The fight between the film fraternity and piracy has always been a cat and a mouse game. At first, the film copyright holders force a torrent website to shut down, and simultaneously, another torrent website pops up in its place giving away free movies even before their release. This has become a perpetual cycle.
But Google has been very diligent towards curbing piracy to protect the intellectual property of copyright holders. According to an Australian media, Google has downranked 65,000 pirated websites globally and it continues to demote more each week.
This comes after Graham Burke, the chairman of Creative Content Australia, submitted a review to the Australian government pointing out 331,000 illegal downloads of Lion and 600,000 likely streams, describing it as a “direct loss of revenue to the production company and the tax office.”
Emile Sherman, director of the production company See-Saw Films who produced films like Lion and The Kings Speech, said, “we all know in the industry how bad piracy is but I didn’t have a sense of how enormous it has been for our film Lion and how damaging until I saw these numbers.”
The industry has always been vocal about Google not doing enough to completely eradicate piracy from the search engine.
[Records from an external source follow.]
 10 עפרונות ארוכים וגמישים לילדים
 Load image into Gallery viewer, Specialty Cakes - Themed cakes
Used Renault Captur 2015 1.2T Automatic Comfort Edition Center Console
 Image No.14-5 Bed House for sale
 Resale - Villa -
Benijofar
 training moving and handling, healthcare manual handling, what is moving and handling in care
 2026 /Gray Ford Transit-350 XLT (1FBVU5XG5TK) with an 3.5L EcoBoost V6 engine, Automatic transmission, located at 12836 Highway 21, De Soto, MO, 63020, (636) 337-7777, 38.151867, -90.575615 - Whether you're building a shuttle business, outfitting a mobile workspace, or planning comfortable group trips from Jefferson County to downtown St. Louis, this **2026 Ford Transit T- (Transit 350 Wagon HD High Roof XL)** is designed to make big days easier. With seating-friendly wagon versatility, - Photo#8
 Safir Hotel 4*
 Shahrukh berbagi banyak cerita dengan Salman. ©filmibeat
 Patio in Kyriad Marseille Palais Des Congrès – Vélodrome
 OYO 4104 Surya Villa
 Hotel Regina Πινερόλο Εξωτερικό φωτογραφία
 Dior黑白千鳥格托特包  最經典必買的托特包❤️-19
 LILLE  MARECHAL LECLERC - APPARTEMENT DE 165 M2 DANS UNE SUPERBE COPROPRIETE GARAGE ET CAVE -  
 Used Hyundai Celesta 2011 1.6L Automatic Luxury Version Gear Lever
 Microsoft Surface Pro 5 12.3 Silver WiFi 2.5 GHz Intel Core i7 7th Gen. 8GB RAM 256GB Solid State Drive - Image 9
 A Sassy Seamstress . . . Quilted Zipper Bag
While associations like MPAA and RIAA want Google to remove the torrent websites, Google has been reluctant about removing whole websites since torrents are merely search engines and are not directly responsible.
But notices from association did prompt an action of downranking websites such that users don’t find any adequate listing in search results for “free movie download” or something along similar lines.
“Demotion results in sites losing around 90 percent of their visitors from Google Search,” a Google spokesperson said.